Over 30 per cent of China’s university students have experienced sexual violence or sexual harassment, a survey commissioned by the China Family Planning Association (CFPA) has found.
The survey was conducted between July and August of 2015 by Peking University’s School of Public Health. After screening, 17,966 completed surveys were used in the findings. 39.6 per cent of respondents were male, while 60.4 per cent were female, Oriental Daily reported.
35.1 per cent of respondents said they had experienced gender-based sexual violence or sexual harassment. The investigation showed that puberty was the peak period for sexual violence or harassment, and that 34.8 per cent of female respondents had experienced it, compared to 35.6 per cent of male respondents.
- 27.6 per cent of respondents said the perpetrators of sexual violence or harassment were fellow students or friends.
- 26.9 per cent were the victim’s girlfriend or boyfriend – their intimate partner.
- 14.7 per cent responded that the perpetrator was a stranger, and 11.2 per cent responded that the perpetrator was someone they met online.
- Less than 1 per cent responded that it was a teacher or boss.
The survey found that female students were more likely to report intimate partners as perpetrators, while male students were more likely to say that the perpetrator was a fellow student or friend. About a quarter – 25.6 per cent – of female respondents said the perpetrator was their intimate partner, and about a fifth responded that the perpetrator was a fellow student or a friend. Meanwhile, 38.9 per cent of male students reported that the perpetrator was a fellow student or a friend, and about a quarter reported that the perpetrator was an intimate partner.
Students participated from around 130 colleges and universities in east, central, and west China, according to new media platform thecover.cn.
Julia Broussard, UN Women China Programme Manager, told HKFP that the survey’s findings are in line with the UN’s information on domestic violence in China. “Whenever the UN agencies have conducted surveys on domestic violence in China – all of which are localised studies not generalisable to the whole population of China, we have found rates slightly higher than those found in this survey.”

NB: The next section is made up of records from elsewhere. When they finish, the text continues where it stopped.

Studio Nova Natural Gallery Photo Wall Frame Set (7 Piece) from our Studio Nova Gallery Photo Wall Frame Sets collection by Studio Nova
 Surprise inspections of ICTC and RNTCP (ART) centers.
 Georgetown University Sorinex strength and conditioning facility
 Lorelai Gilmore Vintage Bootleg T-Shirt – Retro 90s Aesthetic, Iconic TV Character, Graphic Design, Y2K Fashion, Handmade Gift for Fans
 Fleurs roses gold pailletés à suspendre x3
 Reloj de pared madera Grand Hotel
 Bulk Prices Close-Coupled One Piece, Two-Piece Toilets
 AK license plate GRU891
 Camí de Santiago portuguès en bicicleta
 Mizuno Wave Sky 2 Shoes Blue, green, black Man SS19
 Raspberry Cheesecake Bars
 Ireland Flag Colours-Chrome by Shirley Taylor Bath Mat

A 2011 survey conducted by the United Nations Population Fund in a county in China found that 39 per cent of women who were ever partnered experienced physical and/or sexual intimate partner violence, and 52 percent of men admitted to having committed an act of domestic or sexual violence against a women. Of men who perpetrated rape, 67 percent were 20-29 years old when they perpetrated rape for the first time, and 24 percent were 15-19 years old.
“One of the most disturbing findings of this UNFPA study was that among men admitting to having ever committed rape, around 25% admitted to having first committed rape when they were teenagers. This would be in line with the overall findings of [the CFPA] report of sexual violence and harassment among university students,” Broussard said.
Broussard said that, to her knowledge, the CFPA study of college students is the first of its kind in China.
“Based on surveys among young people and university students in other countries, we have long suspected that violence is also happening among Chinese students, particularly dating violence, but we did not have any data to demonstrate this. Now, with this report, we do.”
The China Family Planning Association has not responded to HKFP’s requests for comment.